Women are not meant to be submissive because they are inferior, nor because of Christian tradition or cultural expectations, but rather because of Gods order in creation and the history of the fall. That God "formed" (plasso means "to mould, as with clay or wax")7 Adam first, and then Eve to be a suitable helper for him (Gen 2.18; 1 Cor 11.9), implied that she was to have a submissive role. The fall revealed both the womans tendency to take the lead if given the chance, and her increased vulnerability to deception the woman was "thoroughly beguiled"8. God sentenced Eve and her descendants to painful childbirth and accentuated the womans submissive position in marriage (Gen 3.16). In mercy, this curse became the gateway to their salvation. Firstly, it was the womans seed who was to bring salvation by bruising the serpents head (Gen 3.15). Secondly, believing women, by bearing children and keeping the home, are enabled to realise their full potential, while at the same time being preserved from dangerous moral temptations and those associated with public teaching. By unreservedly referring to these Old Testament passages Paul reinforced their inspiration.
To be continued.
1 Wuest, K S. Word Studies in the Greek New Testament. First Timothy.

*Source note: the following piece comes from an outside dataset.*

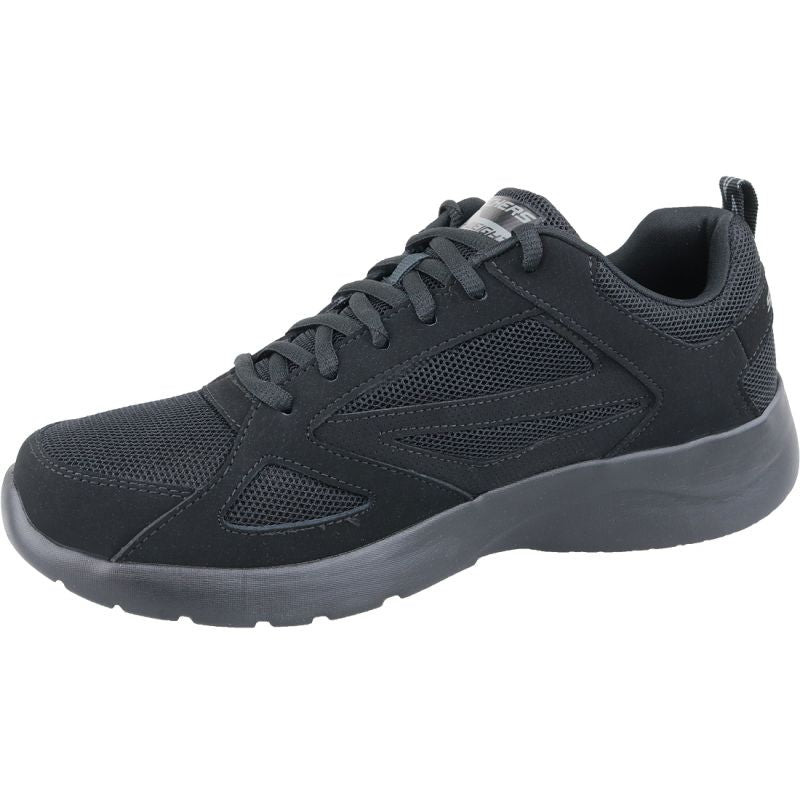 Skechers Dynamight 2.0 M 58363-BBK shoes Footwear/Lifestyle/Skechers Your Sports Performance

2 Vine, W E. The Collected Writings of W E Vine.
3 Wuest, K S. Word Studies in the Greek New Testament. First Timothy.
4 Wuest, K S. Word Studies in the Greek New Testament. First Timothy.
5 Vine, W E. The Collected Writings of W E Vine.
6 Ellicott, cited by Hiebert, D E. Everymans Bible Commentary. First Timothy.
7 Robertsons Word Pictures as cited on esword.
8 Vine, W E. The Collected Writings of W E Vine.